▶ [Provided records]
● ● ● ● ●

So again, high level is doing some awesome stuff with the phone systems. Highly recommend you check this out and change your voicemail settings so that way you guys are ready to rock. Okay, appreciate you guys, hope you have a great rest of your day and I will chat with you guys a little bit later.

● ● ● ● ●

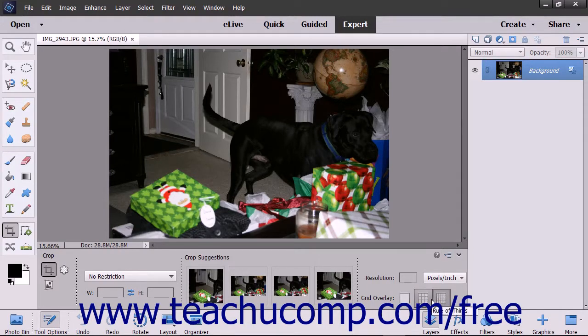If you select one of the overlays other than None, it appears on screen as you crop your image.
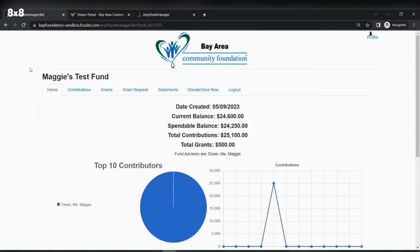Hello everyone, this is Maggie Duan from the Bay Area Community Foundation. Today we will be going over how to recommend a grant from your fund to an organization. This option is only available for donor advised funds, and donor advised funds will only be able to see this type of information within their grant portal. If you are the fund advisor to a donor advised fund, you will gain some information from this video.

● ● ● ● ●

▶ [Assigned task] Beginning at the line above that contains "If you select" and going on through the line that contains "Hello everyone, this", please copy every line exactly, leaving the pictures out and adding nothing.

▶ [Written response]
If you select one of the overlays other than None, it appears on screen as you crop your image.
Hello everyone, this is Maggie Duan from the Bay Area Community Foundation. Today we will be going over how to recommend a grant from your fund to an organization. This option is only available for donor advised funds, and donor advised funds will only be able to see this type of information within their grant portal. If you are the fund advisor to a donor advised fund, you will gain some information from this video.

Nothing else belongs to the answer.